== Task inputs ==
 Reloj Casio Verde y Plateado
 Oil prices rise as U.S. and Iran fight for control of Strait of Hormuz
===
== Task inputs ==
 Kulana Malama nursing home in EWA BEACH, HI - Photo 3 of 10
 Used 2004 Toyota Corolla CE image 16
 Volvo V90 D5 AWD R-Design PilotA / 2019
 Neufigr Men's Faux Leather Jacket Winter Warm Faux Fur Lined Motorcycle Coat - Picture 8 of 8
===
● **To do**
Find the line with "Kulana Malama nursing" in the entries above. Retype it and each line after it, exactly, through the line with "Neufigr Men's Faux", and stop there.

● **Answer to the problem**
 Kulana Malama nursing home in EWA BEACH, HI - Photo 3 of 10
 Used 2004 Toyota Corolla CE image 16
 Volvo V90 D5 AWD R-Design PilotA / 2019
 Neufigr Men's Faux Leather Jacket Winter Warm Faux Fur Lined Motorcycle Coat - Picture 8 of 8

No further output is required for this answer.